Finanza Notizie Italia Confesercenti: in Italia crisi dei consumi, contribuenti con il freno a mano tirato da otto anni

Confesercenti: in Italia crisi dei consumi, contribuenti con il freno a mano tirato da otto anni

23 Maggio 2019 17:07

Che i consumi in Italia siano fermi è cosa risaputa ma che sono otto anni che i contribuenti sono con il freno a mano tirato lo dice l’ultimo Rapporto di Confesercenti e CER su commercio e consumi “2011>2020 L’Italia che non cresce”. Nel dettaglio l’analisi fa emergere che nel 2018 la spesa media annuale in termini reali – cioè al netto dell’inflazione – delle famiglie italiane è stata di 28.251 euro, inferiore di 2.530 euro ai livelli del 2011 (-8,2%). Una cifra superiore ad un mese intero di acquisti da parte di una famiglia media e anche alla perdita effettiva di reddito (-1990 euro) registrata nello stesso periodo. Complessivamente, il mercato interno italiano ha perso circa 60 miliardi di euro di spesa negli ultimi otto anni, ed il bilancio probabilmente continuerà a peggiorare.

Ecco le spese che gli italiani sacrificano di più

Gli italiani spendono meno e un po’ su tutto, tranne per istruzione e sanità ma le spese più sacrificate nei bilanci familiari sono quelle per l’abitazione (-1.100 euro circa all’anno per famiglia rispetto al 2011), abbigliamento (-280 euro), ricreazione e spettacoli (-182 euro), comunicazioni (-164 euro), alimentari (-322 euro). Gli italiani spendono di meno anche per gli smartphone, così anche per gli alimentari, un tempo ‘spesa incomprimibile’, e che invece ha perso il 6%. Crescono invece le spese per la sanità (+12,1%) e l’istruzione (+24,7%).
A livello territoriale la crisi dei consumi ha visto picchi soprattutto nelle Marche dove il budget familiare si è ristretto di 5.500 euro all’anno, seguita dalla Calabria con -4800 euro e il Veneto con -4400. Unica eccezione la Basilicata dove le famiglie invece hanno speso circa 500 euro in più all’anno.

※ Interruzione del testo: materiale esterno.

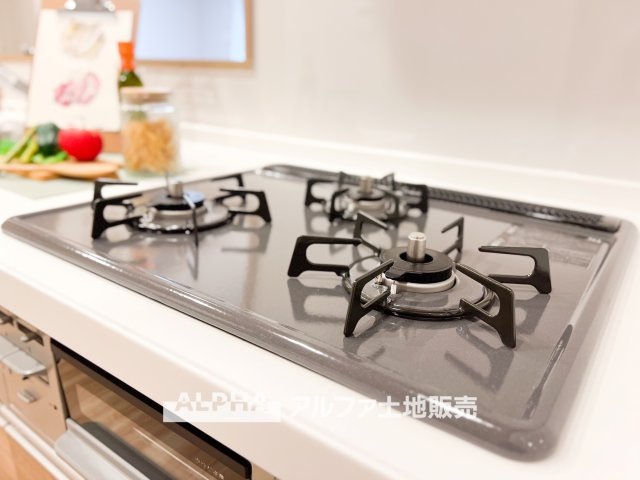 【gas　stove】◆ガスコンロ◆使い勝手に配慮されたガスコンロを備えたキッチン。火力調整がしやすく、毎日の調理がスムーズに進み、家事の時間を心地よく支えてくれます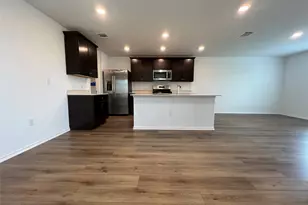 7224 Spotted Leaf Wy, Del Valle, TX 78617 - Photo 4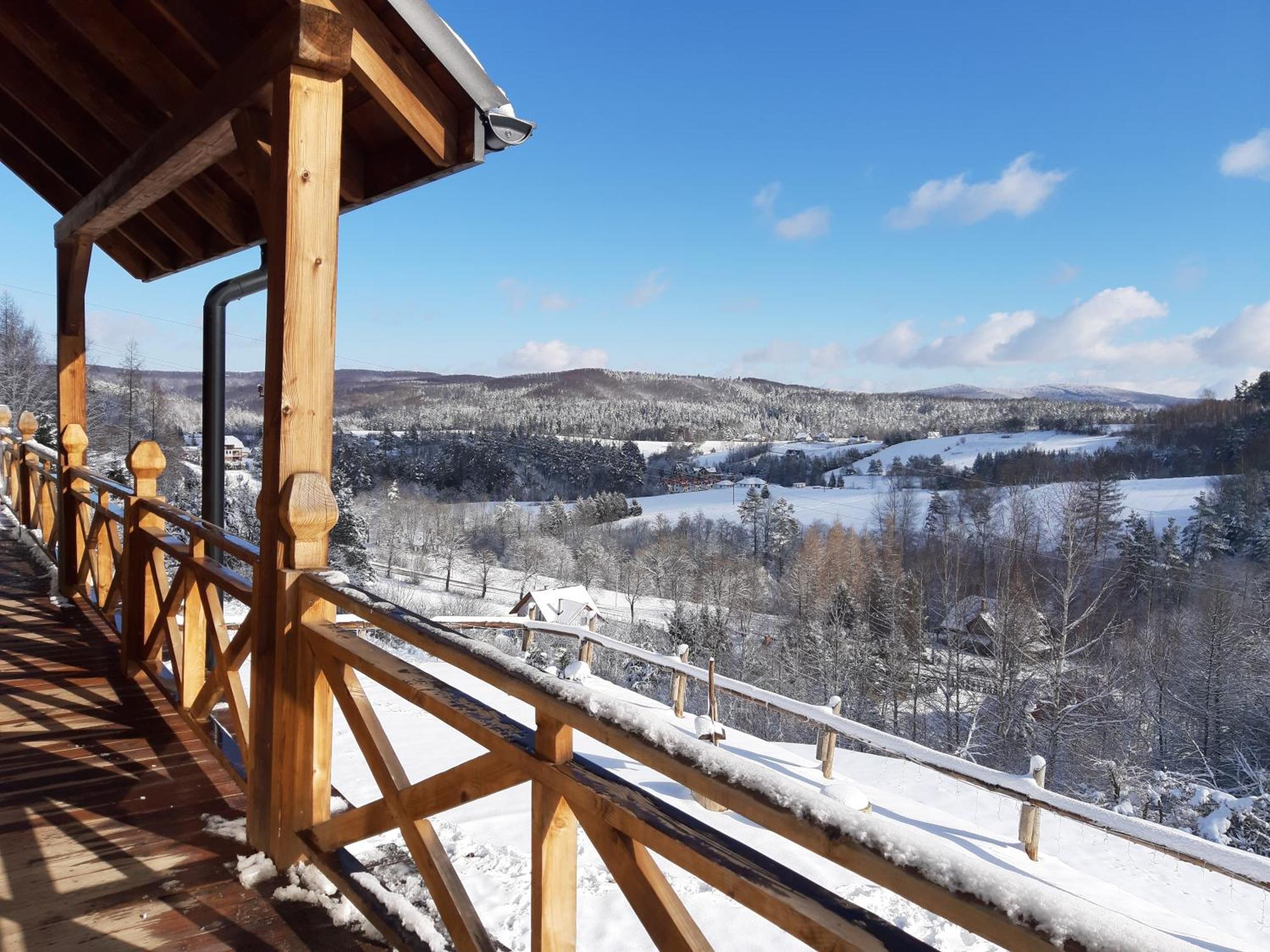 Chata W Bieszczadzie Apartamenty I Domki Z Basenem Bieszczady Polańczyk Esterno foto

I negozi che chiudono e quelli che aprono

Tagliando i consumi inevitabilmente ne risentono le imprese. Tra il 2011 ed il 2018 sono spariti oltre 32mila negozi in sede fissa specializzati in prodotti non alimentari e nel 2018 hanno chiuso 153 negozi al giorno. A soffrire un po’ tutte le attività commerciali, dall’abbigliamento che ha perso oltre 13mila negozi alle per le librerie (-628), le edicole (-3.083), i ferramenta (-4.115) e anche per i negozi di giocattoli (-1.034). A sostituire le botteghe, sempre di più, ristoranti e web e crescono, invece, i negozi specializzati in prodotti da pescheria (135 negozi in più, per una crescita del +1,6%), quelli che vendono bevande (+768, il 13,3% in più) e di frutta e verdura (+1.659).

Progressi annullati se aumenta l’Iva

E se da una parte il reddito di cittadinanza e gli altri interventi espansivi contenuti nella manovra (regime forfettario, etc..) potrebbero portare ad un aumento della spesa delle famiglie di 7 miliardi di euro in tre anni (2019-2021), il rischio è che l’aumento dell’Iva annulli tutti i progressi, portando ad una riduzione di 8,1 miliardi di euro della spesa delle famiglie, pari a 311 euro di minori consumi a testa. L’impatto dell’IVA avrebbe un effetto devastante anche sul tessuto delle imprese del commercio, già in sofferenza dice il rapporto di Confesercenti secondo cui la frenata dei consumi che seguirebbe l’incremento delle aliquote IVA porterebbe alla scomparsa di altri 9mila negozi circa da qui al 2020.  “Pesa la spada di Damocle delle clausole di salvaguardia: in caso di ritocco delle aliquote Iva, infatti, i consumi degli italiani subiranno una ulteriore contrazione con una riduzione complessiva della spesa delle famiglie, a regime, pari a -27,5 miliardi di euro, con conseguente colpo di grazia per il settore del commercio” – afferma Carlo Rienzi del Codacons. “Dati sconfortanti, che confermano quanto andiamo denunciando da anni” fa eco Massimiliano Dona, presidente dell’Unione Nazionale Consumatori. “Se i consumi in termini nominali sono lievemente cresciuti, quelli reali sono ancora inferiori rispetto ai valori pre-crisi. Un fatto molto preoccupante, considerato che la spesa delle famiglie rappresenta il 60% del Pil. Fino a che gli italiani continuano a stringere la cinghia non si potrà avere una crescita significativa, superiore agli zero virgola a cui purtroppo ci siamo orami abituati” conclude Dona.